Oil and gas giant BP is understood to be at loggerheads with a UK safety authority over how it is preparing North Sea workers for lifeboat evacuation. The Health and Safety Executive (HSE) said last night [07 July] it had served BP with an improvement notice on its Glen Lyon floating production vessel, west of Shetland.
RMT Union revealed staff on board vessel had been doing “simulated” lifeboat training instead of drills where workers enter lifeboats.
BP has appealed the safety notice—which could spark a lengthy legal tribunal—and called for an industry standard to be set.
Jake Molloy, regional organizer for RMT, described the practice by BP as “sending the wrong message,” adding that he had personally never heard of any other operator using such a training method. He also claimed lack of real world training on offshore lifeboats results in a situation where staff consider boats “dangerous.”

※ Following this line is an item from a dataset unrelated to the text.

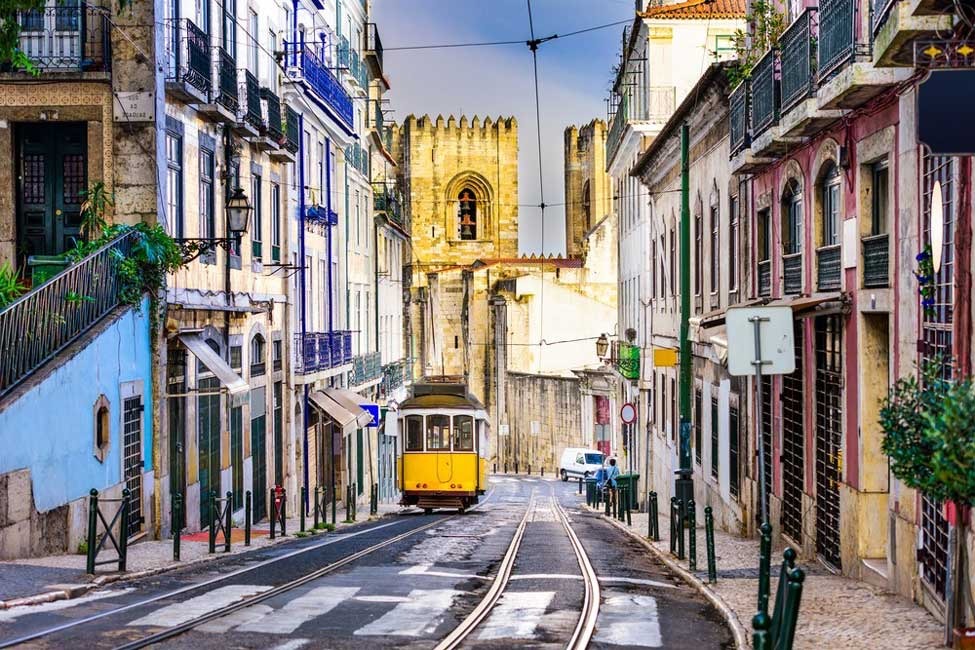¿Qué Ver En Lisboa Y Dónde Alojarse? ¿Cual es la mejor zona? 2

He said: “It’s pretty sad that we are having a legal battle about what is to my mind a fundamental part of offshore training. The idea that you can’t use safety-critical equipment for training purposes then it sends out totally the wrong message to industry.”
Step Change in Safety, the North Sea safety industry body, refused to comment, but did confirm that “muted discussions” are underway on the issue.